The Chevrolet Corvette SUV family is officially on its way and will arrive by 2025. Thanks to new information uncovered by Car and Driver, we now know the vehicle won't be electrified. At least not at first, that is.
Because Chevy has plans to put vehicles like the Porsche Cayenne and Lamborghini Urus on notice, the 'Vette SUV will stick with GM's sublime range of V6 and V8 engines.
Rumors of a Corvette SUV started circulating roughly two years ago. GM vice president Bob Lutz effectively confirmed the concept, but President Mark Reuss waved it off. After it was confirmed, insider leaks suggested it would be a 600-horsepower all-electric monster.
Now it appears those electric rumors were false, or Chevrolet intends to launch the all-electric model later.
The vehicle will be built on GM's Alpha platform that underpins the Chevy Camaro, Cadillac CT4, and Cadillac CT5. The platform is adaptable, meaning the family of Corvette SUVs will most likely be similar to Porsche's Macan and Cayenne family.
Since this is GM we're talking about, the available engine options are varied and plentiful. If the company wants to keep it on par with what Porsche is offering, starting with a turbocharged four-cylinder option would make sense. Still, we feel a better starting point would be Chevy's V6 option since it will give it a little more grunt to match the car's guaranteed athletic looks. Also, we don't see Americans buying a four-cylinder Corvette, no matter what shape body it has. GM could also use twin-turbo V6 and V8 options to provide the vehicle with some power to match the Cayenne.

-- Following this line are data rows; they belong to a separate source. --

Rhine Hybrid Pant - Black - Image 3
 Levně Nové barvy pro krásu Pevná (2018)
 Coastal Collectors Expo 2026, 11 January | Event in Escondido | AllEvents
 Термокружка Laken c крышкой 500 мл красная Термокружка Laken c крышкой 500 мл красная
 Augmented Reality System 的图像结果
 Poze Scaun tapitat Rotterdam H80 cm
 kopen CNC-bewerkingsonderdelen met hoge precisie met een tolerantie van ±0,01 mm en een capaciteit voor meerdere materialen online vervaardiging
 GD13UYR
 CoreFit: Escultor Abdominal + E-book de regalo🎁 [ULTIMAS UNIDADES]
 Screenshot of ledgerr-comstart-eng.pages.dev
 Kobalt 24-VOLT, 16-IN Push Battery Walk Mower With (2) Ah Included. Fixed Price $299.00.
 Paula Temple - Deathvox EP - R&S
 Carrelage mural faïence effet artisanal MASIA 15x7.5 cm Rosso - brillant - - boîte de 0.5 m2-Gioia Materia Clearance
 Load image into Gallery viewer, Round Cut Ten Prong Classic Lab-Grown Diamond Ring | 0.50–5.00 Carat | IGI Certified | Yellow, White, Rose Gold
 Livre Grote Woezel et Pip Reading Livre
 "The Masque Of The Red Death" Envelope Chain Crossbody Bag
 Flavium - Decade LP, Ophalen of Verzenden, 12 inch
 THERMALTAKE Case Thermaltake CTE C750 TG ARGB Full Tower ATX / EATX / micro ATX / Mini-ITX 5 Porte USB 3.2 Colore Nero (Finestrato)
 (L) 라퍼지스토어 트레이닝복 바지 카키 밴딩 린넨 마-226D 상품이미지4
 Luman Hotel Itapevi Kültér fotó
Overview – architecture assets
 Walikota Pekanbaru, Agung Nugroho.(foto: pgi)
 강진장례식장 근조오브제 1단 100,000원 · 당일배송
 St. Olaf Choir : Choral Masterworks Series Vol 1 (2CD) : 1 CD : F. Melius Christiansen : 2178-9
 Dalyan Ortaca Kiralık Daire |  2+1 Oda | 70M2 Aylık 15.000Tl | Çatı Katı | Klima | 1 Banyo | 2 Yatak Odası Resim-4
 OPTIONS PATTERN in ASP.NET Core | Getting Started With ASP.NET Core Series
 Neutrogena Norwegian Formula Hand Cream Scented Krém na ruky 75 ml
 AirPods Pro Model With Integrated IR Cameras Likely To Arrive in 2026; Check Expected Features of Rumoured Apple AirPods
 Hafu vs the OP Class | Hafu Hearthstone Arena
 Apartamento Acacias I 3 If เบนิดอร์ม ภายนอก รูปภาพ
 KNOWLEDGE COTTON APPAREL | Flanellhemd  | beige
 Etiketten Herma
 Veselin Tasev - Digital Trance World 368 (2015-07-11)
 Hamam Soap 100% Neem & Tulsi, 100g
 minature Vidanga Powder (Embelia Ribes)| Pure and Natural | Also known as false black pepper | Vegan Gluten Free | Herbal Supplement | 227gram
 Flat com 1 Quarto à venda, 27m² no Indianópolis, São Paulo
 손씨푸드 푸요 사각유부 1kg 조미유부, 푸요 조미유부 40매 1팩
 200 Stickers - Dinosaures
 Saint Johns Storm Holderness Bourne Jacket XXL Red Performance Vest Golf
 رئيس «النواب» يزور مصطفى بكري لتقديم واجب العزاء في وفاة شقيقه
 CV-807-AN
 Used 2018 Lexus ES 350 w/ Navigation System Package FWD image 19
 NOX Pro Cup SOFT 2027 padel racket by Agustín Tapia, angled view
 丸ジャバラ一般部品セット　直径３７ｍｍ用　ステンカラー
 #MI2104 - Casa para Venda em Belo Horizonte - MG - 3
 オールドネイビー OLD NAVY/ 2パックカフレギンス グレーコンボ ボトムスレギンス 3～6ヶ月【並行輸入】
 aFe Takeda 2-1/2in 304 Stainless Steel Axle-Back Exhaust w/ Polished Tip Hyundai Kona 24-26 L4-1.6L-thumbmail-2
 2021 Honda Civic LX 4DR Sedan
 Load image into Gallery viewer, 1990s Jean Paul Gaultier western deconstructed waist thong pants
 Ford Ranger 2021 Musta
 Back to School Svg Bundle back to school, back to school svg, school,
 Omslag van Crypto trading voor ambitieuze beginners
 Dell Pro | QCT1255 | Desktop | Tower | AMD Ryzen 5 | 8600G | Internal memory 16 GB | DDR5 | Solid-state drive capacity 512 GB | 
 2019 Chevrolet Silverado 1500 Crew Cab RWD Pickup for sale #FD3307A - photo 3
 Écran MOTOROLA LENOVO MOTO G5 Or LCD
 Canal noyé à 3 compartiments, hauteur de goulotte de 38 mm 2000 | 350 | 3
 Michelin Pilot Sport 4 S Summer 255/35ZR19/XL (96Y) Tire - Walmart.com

At the top of the heap, we expect to see the 6.2-liter supercharged V8 engine give it the power to compete with the best coming out of Germany and Italy. All-wheel-drive is a given.
Producing the models in Bowling Green would be a nice touch, but where it's made will most likely come down to space. There is also no mention of pricing, but we assume it will follow in the Corvette's footsteps and debut with a price undercutting competitors by a significant margin.
The biggest question is how long-time Corvette owners and fans will receive the car, but one has to wonder whether that even matters. It's a cash grab for sure, but we know whatever the company cooks up will offer exhilarating performance for a great price.
We also know the company will most likely be able to sell them as fast as it can produce them. So despite what anyone thinks, we imagine the new brand may have a more significant impact than any Corvette generation has ever had, for better or worse.